Rooftop itu diubah menjadi tempat yang layak. Disana terdapat kulkas dengan berbagai macam minuman, baik soda maupun susu kaleng. Juga ada sofa empuk berwarna hitam di tengah.
"Oh my god! Demi apasih," Decak Tania dengan tampan kagumnya.
Alan geleng-geleng kepala, "ckckck! Gak usah kek orang udik napa, Tan? Kek di rumah lo gak ada ginian aja."
Tania melotot, "Heh! Gue bukannya udik yah, gue tu cuman mau mengagumi usaha kalian mengubah rooftop ini." Kesalnya.
Sena masih diam, dia merasa seperti di amati dari jauh. Matanya terus menyoroti sekitar, sampai matanya tertuju pada sosok perempuan berbaju hitam yang tengah berdiri didepan gerbang sambil menatap kearahnya.
Tak ingin terlihat mencurigakan, Sena pun ikut duduk di samping Tania.
Mereka ber-enam sudah duduk diatas sofa yang agak berjauhan dengan santai. Alan dan Alka sedang bermain game, sesekali mereka berteriak heboh.

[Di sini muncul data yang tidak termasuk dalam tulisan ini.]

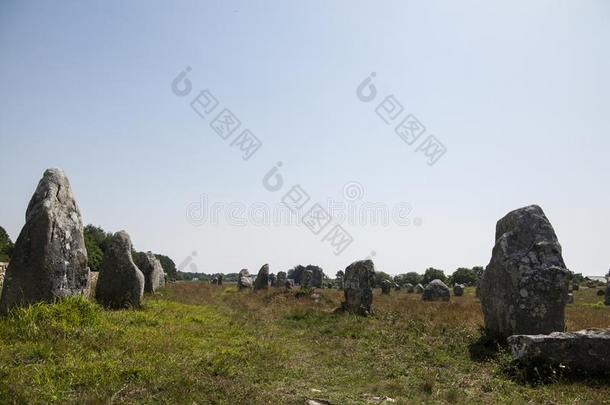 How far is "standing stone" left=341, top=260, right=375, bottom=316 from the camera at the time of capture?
19672 millimetres

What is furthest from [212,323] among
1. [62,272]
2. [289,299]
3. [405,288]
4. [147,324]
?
[405,288]

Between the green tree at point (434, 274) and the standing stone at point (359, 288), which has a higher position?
the green tree at point (434, 274)

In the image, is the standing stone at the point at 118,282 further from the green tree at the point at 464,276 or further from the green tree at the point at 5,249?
the green tree at the point at 464,276

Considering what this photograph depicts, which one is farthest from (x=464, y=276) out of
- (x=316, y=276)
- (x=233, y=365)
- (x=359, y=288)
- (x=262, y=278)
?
(x=233, y=365)

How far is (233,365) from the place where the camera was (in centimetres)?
851

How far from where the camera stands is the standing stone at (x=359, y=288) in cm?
1967

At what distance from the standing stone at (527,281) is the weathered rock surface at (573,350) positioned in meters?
2.72

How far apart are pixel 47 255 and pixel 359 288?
12.9 metres

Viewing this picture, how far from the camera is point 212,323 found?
1457cm

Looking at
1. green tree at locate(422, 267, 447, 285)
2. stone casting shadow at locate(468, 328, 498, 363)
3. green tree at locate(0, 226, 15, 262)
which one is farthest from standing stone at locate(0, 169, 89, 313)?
green tree at locate(422, 267, 447, 285)

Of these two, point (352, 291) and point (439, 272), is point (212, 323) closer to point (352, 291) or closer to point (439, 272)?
point (352, 291)

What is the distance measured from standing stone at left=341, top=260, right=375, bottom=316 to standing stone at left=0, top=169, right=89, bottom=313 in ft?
37.5

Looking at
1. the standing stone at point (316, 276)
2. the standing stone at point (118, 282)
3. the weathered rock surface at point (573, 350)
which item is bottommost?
the standing stone at point (118, 282)

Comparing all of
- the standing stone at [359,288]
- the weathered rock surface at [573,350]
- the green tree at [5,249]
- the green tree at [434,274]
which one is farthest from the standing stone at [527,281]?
the green tree at [434,274] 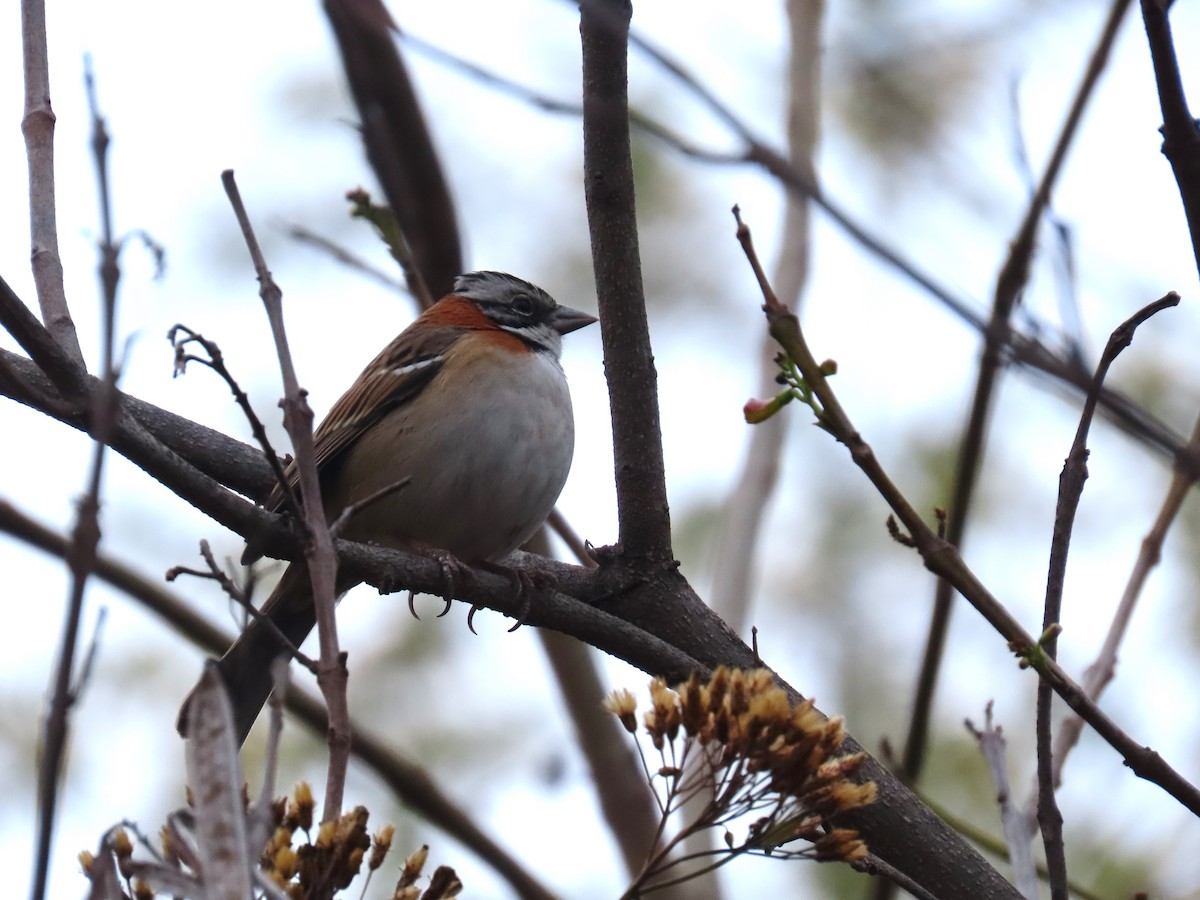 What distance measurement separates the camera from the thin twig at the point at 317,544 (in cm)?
227

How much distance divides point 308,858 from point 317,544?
0.58 meters

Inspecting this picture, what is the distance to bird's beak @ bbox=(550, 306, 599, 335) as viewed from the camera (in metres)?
7.54

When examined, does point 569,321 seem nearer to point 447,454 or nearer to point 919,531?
point 447,454

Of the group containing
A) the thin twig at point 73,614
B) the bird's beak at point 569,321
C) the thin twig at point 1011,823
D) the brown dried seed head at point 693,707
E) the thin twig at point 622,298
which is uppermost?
the bird's beak at point 569,321

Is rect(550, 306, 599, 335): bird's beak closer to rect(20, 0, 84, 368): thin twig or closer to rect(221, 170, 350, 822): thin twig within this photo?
rect(20, 0, 84, 368): thin twig

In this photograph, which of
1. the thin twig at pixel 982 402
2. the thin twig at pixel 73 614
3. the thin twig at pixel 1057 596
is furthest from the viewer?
the thin twig at pixel 982 402

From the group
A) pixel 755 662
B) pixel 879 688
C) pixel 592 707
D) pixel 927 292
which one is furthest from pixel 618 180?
pixel 879 688

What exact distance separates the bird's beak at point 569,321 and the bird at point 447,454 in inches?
31.6

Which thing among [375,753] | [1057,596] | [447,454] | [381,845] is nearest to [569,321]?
[447,454]

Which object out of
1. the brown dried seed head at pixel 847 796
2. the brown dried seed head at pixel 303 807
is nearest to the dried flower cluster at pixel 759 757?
the brown dried seed head at pixel 847 796

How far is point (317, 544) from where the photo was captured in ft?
8.07

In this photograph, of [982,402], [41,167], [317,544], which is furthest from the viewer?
[982,402]

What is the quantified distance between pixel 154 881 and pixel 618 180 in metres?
2.64

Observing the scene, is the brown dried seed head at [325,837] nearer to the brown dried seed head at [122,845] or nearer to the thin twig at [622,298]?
the brown dried seed head at [122,845] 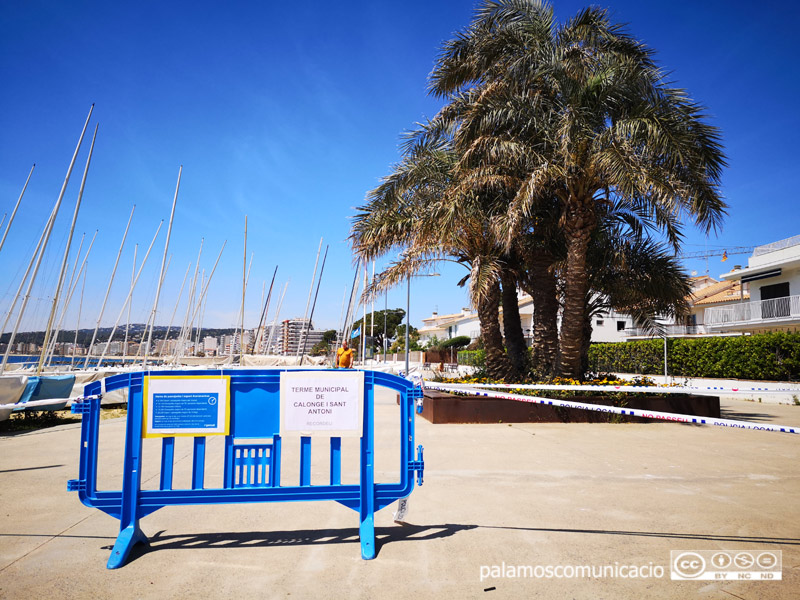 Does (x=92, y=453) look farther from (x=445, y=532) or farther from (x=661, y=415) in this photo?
(x=661, y=415)

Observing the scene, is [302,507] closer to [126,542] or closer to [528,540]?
[126,542]

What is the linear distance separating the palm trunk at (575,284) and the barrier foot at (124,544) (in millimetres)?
→ 9816

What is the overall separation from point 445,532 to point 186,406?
2.38 m

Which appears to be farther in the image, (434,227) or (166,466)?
(434,227)

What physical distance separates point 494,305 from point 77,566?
10589mm

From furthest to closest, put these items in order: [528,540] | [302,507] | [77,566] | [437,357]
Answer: [437,357] < [302,507] < [528,540] < [77,566]

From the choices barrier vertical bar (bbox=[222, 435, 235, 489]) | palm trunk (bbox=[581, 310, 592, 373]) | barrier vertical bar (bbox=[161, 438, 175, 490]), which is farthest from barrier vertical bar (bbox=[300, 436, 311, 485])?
palm trunk (bbox=[581, 310, 592, 373])

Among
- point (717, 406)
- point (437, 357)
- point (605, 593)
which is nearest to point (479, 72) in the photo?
point (717, 406)

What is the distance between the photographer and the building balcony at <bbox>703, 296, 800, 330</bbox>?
29297 mm

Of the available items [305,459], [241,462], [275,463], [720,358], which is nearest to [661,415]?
[305,459]

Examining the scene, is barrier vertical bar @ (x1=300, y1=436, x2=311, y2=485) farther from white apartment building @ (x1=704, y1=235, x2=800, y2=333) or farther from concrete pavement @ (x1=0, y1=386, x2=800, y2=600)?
white apartment building @ (x1=704, y1=235, x2=800, y2=333)

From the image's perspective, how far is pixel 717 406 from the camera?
11.8 meters

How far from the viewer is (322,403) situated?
4.20 metres

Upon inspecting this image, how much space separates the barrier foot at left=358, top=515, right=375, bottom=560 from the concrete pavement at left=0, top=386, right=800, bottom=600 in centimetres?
7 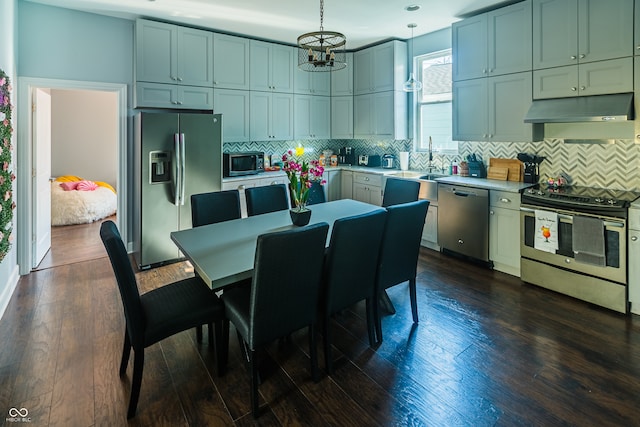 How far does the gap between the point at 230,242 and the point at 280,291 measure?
633 mm

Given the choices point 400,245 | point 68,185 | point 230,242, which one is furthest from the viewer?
point 68,185

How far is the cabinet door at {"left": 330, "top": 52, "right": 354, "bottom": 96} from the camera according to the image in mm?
5887

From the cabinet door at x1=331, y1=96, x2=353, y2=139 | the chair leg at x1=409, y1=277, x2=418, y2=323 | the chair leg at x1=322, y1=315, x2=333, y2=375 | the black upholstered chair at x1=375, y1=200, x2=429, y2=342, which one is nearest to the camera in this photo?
the chair leg at x1=322, y1=315, x2=333, y2=375

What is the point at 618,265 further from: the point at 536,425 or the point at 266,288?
the point at 266,288

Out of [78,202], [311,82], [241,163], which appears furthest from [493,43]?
[78,202]

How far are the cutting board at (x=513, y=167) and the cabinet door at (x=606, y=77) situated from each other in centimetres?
100

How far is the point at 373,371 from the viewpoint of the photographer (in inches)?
91.5

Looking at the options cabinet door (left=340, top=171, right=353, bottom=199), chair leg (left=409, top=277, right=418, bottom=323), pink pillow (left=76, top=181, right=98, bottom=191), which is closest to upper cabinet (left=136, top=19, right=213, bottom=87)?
cabinet door (left=340, top=171, right=353, bottom=199)

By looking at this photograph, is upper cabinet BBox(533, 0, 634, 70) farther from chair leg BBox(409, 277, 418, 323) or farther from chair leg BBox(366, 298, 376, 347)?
chair leg BBox(366, 298, 376, 347)

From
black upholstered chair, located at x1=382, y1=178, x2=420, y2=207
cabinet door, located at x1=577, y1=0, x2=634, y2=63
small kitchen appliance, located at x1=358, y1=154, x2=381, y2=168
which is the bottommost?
black upholstered chair, located at x1=382, y1=178, x2=420, y2=207

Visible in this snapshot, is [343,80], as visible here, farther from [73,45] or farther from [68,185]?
[68,185]

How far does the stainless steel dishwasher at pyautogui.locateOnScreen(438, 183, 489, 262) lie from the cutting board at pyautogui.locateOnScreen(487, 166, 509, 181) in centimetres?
56

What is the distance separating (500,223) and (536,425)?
7.80 ft

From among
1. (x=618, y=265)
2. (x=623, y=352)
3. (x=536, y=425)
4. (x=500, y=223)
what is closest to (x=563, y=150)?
(x=500, y=223) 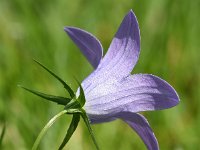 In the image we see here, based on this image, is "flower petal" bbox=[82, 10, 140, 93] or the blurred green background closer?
"flower petal" bbox=[82, 10, 140, 93]

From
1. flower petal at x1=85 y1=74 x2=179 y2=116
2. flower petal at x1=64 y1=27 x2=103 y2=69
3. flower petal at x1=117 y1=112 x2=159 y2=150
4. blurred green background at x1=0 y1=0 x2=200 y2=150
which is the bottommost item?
blurred green background at x1=0 y1=0 x2=200 y2=150

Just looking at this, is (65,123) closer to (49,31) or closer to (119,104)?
(49,31)

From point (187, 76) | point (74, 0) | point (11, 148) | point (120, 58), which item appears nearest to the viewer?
point (120, 58)

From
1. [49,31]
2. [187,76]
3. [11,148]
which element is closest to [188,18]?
[187,76]

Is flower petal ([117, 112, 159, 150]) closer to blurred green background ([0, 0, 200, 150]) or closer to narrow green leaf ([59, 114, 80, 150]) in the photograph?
narrow green leaf ([59, 114, 80, 150])

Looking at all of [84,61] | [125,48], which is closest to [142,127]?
[125,48]

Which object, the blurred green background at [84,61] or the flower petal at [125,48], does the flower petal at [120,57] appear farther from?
the blurred green background at [84,61]

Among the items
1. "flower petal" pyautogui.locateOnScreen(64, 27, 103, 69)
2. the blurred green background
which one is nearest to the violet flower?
"flower petal" pyautogui.locateOnScreen(64, 27, 103, 69) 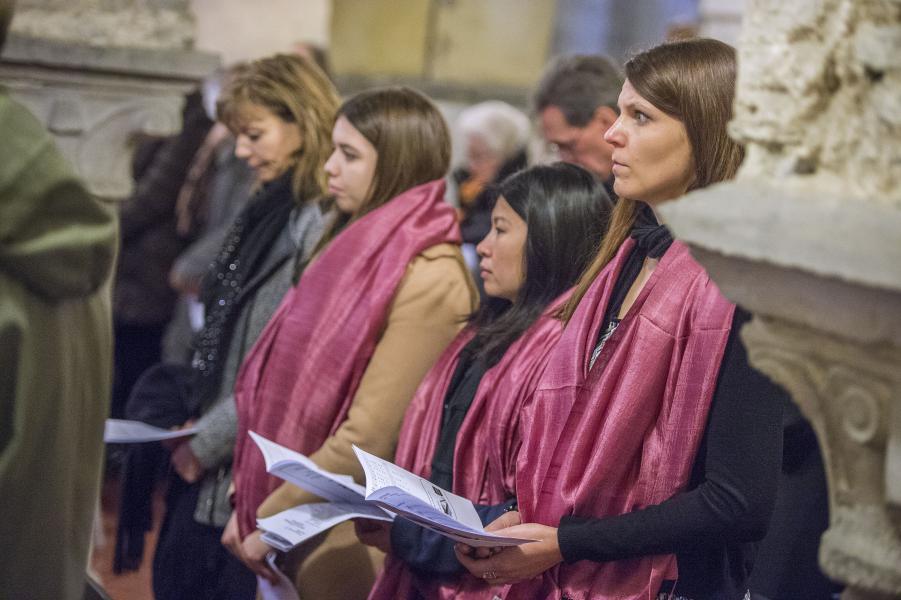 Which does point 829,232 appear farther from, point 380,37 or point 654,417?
point 380,37


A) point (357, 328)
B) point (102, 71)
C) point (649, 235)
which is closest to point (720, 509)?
point (649, 235)

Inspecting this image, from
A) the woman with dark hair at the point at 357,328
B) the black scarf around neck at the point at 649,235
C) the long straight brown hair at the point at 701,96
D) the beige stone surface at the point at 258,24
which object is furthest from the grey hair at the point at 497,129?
the long straight brown hair at the point at 701,96

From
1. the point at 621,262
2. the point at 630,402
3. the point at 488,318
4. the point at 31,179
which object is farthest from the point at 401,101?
the point at 31,179

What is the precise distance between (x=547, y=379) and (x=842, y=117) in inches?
35.2

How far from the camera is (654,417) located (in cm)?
190

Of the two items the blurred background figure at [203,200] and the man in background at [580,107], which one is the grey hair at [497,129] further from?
the man in background at [580,107]

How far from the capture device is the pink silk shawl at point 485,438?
2.18 meters

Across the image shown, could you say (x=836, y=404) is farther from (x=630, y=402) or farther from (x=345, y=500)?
(x=345, y=500)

Tama dan Tania sedang sibuk dengan media sosial mereka, hingga mereka berempat tidak menyadari bahwa ada dua insan yang tengah dilanda Kecanggungan.
"Ekhem.." Sena berdehem pelan.
Nathan menengok sebentar ke arah Sena.
"Makasih," Ucap Sena.
Nathan menaikkan sebelah alisnya, "Ma.. Kasih? Buat apa?" Tanyanya penasaran.
"Buat kemaren, aku gak tau kalau ada orang lagi 'gituan' disana. Kalo gak ada kamu, mungkin aku..."
"It's okay,"
Sena mengangguk kikuk. Astaga! Kenapa dirinya jadi gerogi begini?!!
"A-ah iya"
Setelah itu tidak ada yang berbicara lagi. Namun, tanpa sepengetahuan Sena, Nathan terus saja melihat Sena dengan tatapan yang sulit untuk diartikan.
"Kyaaa!! Ini siapa Sena?! Tolong jelaskan pada bunda sayang, kamu pacaran?"
Dahi Sena mengerut, pacar? Alhamdulillah dia masih menjomblo untuk saat ini. Ia kemudian melihat handphone Tania. Disana ada sebuah postingan yang menandai Sena.